A situação de inoperacionalidade pelos TMG manteve-se por cerca de 10 dias, caso que Francisco Bórgia descreve como muito invulgar. "Não me recordo de um ano em que isto tenha acontecido. O que se passa é que se verificou ondulação intensa e vento muito forte, aliado a uma entrada afunilada com a qual se torna difícil operar".

Segundo Francisco Bórgia o porto da Praia recebeu navios de maior porte ao longo do período. De acordo com o responsável pelos TMG, os barcos da empresa estiveram fundeados de um a cinco deste mês no Fanal e atracados no Porto de Pipas de cinco a 10, sendo que, depois deste período, melhoraram as condições e foram retomadas as operações a partir do porto da Praia da Vitória.

Polémica regressa

Francisco Bórgia falava, questionado por DI, na sequência das declarações do presidente da Câmara de Comércio e Indústria da Horta (CCIH), Ângelo Duarte, que afirmou ontem que os acontecimentos dos últimos dias vieram "confirmar que (o Porto da Praia da Vitória) não é, efetivamente, o grande porto de abrigo dos Açores".

Para este responsável, esta infraestrutura portuária está longe de ser um porto abrigado, questionando a intenção de ali ser criada uma plataforma de distribuição de mercadorias para as ilhas dos grupos central e ocidental do arquipélago.

Ângelo Duarte afirmou que, durante o período em que o Porto da Praia da Vitória esteve inoperacional, outros portos dos Açores, incluindo o da Horta, estiveram a funcionar normalmente, recebendo navios de mercadorias vindos do Continente.

O presidente da CCIH afirmou mesmo que as ilhas do grupo Central ficariam demasiado dependentes de um só porto se recebessem apenas mercadorias através do Porto da Praia da Vitória, como define o Plano Regional de Ordenamento do Território (PROTA), aprovado pela Assembleia Legislativa Regional.

O porto da Praia não foi o único a lidar com constrangimentos face ao mau tempo.
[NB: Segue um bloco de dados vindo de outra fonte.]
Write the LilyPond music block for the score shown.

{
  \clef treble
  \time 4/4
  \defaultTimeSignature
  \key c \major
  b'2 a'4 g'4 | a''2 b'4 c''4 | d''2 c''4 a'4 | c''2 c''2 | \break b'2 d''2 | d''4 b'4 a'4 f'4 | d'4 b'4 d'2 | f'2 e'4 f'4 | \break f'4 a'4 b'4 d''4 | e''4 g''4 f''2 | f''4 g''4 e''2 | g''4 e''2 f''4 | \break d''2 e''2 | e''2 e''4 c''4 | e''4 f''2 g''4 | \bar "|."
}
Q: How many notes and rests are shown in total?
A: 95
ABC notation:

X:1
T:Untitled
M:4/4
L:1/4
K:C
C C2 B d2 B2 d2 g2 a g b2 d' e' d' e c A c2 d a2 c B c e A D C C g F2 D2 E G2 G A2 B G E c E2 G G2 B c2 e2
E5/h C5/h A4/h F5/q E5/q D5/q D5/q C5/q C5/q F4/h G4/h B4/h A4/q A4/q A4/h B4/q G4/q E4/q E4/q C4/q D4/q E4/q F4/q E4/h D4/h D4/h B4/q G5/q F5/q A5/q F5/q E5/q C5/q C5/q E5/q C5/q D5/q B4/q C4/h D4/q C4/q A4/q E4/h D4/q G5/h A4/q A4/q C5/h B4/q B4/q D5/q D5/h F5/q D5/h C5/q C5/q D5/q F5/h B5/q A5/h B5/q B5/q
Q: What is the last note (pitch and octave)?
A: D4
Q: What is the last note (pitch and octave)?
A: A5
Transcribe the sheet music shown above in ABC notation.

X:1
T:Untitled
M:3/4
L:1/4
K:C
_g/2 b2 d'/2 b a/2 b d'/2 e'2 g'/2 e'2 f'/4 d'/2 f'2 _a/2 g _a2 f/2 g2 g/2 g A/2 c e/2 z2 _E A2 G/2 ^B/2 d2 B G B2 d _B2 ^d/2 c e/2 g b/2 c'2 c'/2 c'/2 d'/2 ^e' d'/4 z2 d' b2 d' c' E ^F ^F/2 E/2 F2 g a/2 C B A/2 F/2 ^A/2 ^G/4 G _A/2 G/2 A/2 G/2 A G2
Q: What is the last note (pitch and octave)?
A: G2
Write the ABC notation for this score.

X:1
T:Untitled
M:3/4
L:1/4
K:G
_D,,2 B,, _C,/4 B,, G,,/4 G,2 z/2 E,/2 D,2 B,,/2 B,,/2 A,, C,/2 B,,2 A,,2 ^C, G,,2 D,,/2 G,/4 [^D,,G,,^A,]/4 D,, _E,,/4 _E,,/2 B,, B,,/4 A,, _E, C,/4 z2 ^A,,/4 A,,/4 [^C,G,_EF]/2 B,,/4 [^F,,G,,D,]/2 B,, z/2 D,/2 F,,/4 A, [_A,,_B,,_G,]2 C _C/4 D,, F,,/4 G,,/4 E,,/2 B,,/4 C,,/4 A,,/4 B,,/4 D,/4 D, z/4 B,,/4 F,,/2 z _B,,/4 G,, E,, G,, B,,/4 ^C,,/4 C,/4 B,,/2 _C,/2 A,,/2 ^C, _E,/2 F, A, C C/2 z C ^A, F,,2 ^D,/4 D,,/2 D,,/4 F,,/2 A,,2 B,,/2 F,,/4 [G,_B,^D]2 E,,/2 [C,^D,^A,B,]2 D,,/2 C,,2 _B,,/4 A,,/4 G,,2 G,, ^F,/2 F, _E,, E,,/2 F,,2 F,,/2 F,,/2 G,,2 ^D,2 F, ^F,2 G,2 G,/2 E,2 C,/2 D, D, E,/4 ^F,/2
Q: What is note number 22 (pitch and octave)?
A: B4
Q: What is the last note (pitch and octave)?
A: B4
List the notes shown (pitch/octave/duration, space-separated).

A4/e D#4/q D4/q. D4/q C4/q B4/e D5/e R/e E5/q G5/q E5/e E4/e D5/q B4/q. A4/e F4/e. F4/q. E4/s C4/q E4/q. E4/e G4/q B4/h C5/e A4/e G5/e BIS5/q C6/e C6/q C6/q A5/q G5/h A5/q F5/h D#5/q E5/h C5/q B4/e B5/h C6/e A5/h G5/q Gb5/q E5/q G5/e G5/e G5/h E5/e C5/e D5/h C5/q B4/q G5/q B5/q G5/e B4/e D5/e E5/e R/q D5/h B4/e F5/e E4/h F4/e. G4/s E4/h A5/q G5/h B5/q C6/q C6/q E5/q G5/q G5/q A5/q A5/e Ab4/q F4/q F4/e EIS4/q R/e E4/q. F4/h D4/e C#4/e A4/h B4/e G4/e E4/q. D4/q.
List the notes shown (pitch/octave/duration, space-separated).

A Transmaçor adiantou também a DI ter tido algumas dificuldades em navegar a partir do Cais do Pico (São Roque), tendo por vezes de fazê-lo a partir da Madalena.

Recorde-se que, por exemplo, o estudo encomendado pela Atlânticoline à empresa britânica BMT avança que os diferentes modelos de centros logísticos de distribuição de carga em cima da mesa implicariam a utilização de um grande navio com capacidade para 1700 contentores (TEUS) e navios feeder, de mais pequena dimensão, com capacidade para 500 TEUS.

O transporte de carga no arquipélago é efetuado, atualmente, com navios com capacidade bastante inferior a 500 TEUS previstos pela BMT.